◆ What you will do: Below are some records. Reproduce them exactly from their first line through the line with "Mother's Day Watercolor", inclusive.

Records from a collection
——————
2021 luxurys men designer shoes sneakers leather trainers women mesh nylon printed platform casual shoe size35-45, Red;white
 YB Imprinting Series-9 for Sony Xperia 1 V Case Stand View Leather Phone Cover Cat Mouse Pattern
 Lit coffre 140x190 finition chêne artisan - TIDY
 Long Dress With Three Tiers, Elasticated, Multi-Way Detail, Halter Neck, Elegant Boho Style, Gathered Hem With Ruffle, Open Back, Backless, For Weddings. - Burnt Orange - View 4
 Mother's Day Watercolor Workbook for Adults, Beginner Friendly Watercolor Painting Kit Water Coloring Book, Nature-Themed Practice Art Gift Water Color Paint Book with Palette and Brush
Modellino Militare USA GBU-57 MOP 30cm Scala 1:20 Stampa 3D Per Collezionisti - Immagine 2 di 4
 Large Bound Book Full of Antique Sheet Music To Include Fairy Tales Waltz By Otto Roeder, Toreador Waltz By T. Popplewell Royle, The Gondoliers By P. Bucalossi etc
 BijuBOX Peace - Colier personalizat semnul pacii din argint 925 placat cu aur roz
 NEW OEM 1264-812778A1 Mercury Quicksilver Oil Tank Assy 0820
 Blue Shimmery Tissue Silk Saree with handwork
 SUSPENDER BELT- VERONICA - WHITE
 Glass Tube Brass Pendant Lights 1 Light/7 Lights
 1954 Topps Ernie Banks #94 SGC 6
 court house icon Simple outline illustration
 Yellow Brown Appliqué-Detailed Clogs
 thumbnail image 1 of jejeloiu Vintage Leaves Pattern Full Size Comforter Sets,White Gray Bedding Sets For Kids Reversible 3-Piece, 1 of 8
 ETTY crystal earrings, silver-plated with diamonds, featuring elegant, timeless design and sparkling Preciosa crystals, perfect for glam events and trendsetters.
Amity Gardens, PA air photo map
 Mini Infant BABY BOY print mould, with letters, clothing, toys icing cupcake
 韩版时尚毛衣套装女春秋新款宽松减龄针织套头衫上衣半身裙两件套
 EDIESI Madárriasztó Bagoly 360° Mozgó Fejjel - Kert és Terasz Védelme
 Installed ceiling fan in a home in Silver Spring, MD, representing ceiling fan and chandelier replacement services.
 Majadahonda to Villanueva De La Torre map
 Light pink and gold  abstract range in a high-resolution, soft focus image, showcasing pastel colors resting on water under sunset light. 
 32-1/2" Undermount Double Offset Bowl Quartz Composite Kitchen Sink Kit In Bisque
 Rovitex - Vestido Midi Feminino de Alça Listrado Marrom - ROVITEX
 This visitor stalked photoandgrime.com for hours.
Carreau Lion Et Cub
——————
◆ Solved problem:
2021 luxurys men designer shoes sneakers leather trainers women mesh nylon printed platform casual shoe size35-45, Red;white
 YB Imprinting Series-9 for Sony Xperia 1 V Case Stand View Leather Phone Cover Cat Mouse Pattern
 Lit coffre 140x190 finition chêne artisan - TIDY
 Long Dress With Three Tiers, Elasticated, Multi-Way Detail, Halter Neck, Elegant Boho Style, Gathered Hem With Ruffle, Open Back, Backless, For Weddings. - Burnt Orange - View 4
 Mother's Day Watercolor Workbook for Adults, Beginner Friendly Watercolor Painting Kit Water Coloring Book, Nature-Themed Practice Art Gift Water Color Paint Book with Palette and Brush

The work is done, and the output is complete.